Description of the task →
Below are the entries; return exactly the line with "甄臻铺-世界币章拍卖（第24期），送拍享返佣金等优惠多多 NGC-MS65 卢森堡1946年盲人约翰100法郎大银币" and every later line, without anything else.

─── Data shown

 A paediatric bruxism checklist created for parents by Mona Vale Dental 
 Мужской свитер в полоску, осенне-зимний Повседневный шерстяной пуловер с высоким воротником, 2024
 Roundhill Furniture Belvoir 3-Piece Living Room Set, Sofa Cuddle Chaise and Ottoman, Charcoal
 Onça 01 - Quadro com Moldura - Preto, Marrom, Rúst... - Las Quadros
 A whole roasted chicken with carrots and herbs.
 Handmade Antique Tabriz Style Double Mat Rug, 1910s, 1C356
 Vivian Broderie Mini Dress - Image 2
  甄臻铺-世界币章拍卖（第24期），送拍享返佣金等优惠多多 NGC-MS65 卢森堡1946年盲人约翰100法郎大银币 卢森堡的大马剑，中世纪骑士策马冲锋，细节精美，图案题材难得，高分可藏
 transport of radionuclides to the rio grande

──────

Result of the exercise →
  甄臻铺-世界币章拍卖（第24期），送拍享返佣金等优惠多多 NGC-MS65 卢森堡1946年盲人约翰100法郎大银币 卢森堡的大马剑，中世纪骑士策马冲锋，细节精美，图案题材难得，高分可藏
 transport of radionuclides to the rio grande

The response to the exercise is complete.